Print, exactly as they stand, the lines from the start of the listing to the line containing "Four quadrants of competence4-01", inclusive.

Start of SUPPLIED DATA

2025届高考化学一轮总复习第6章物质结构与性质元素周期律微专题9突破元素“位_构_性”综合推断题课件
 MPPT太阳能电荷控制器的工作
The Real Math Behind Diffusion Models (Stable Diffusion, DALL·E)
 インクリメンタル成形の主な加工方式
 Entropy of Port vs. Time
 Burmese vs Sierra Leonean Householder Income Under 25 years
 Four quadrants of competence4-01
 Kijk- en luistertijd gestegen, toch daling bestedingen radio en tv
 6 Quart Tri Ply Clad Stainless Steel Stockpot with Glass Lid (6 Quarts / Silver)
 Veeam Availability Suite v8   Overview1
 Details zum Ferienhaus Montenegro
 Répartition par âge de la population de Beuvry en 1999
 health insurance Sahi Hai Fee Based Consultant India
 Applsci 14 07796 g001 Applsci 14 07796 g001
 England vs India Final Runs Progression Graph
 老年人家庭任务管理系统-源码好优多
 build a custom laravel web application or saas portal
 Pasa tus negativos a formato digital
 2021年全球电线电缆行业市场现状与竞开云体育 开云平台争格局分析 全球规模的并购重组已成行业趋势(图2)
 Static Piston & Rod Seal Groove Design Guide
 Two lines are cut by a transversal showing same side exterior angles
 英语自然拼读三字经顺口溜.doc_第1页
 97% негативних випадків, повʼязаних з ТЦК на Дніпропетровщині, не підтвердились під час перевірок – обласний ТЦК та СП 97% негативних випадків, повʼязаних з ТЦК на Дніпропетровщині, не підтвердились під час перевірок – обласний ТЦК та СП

End of SUPPLIED DATA

→ **PROBLEM SOLUTION**
2025届高考化学一轮总复习第6章物质结构与性质元素周期律微专题9突破元素“位_构_性”综合推断题课件
 MPPT太阳能电荷控制器的工作
The Real Math Behind Diffusion Models (Stable Diffusion, DALL·E)
 インクリメンタル成形の主な加工方式
 Entropy of Port vs. Time
 Burmese vs Sierra Leonean Householder Income Under 25 years
 Four quadrants of competence4-01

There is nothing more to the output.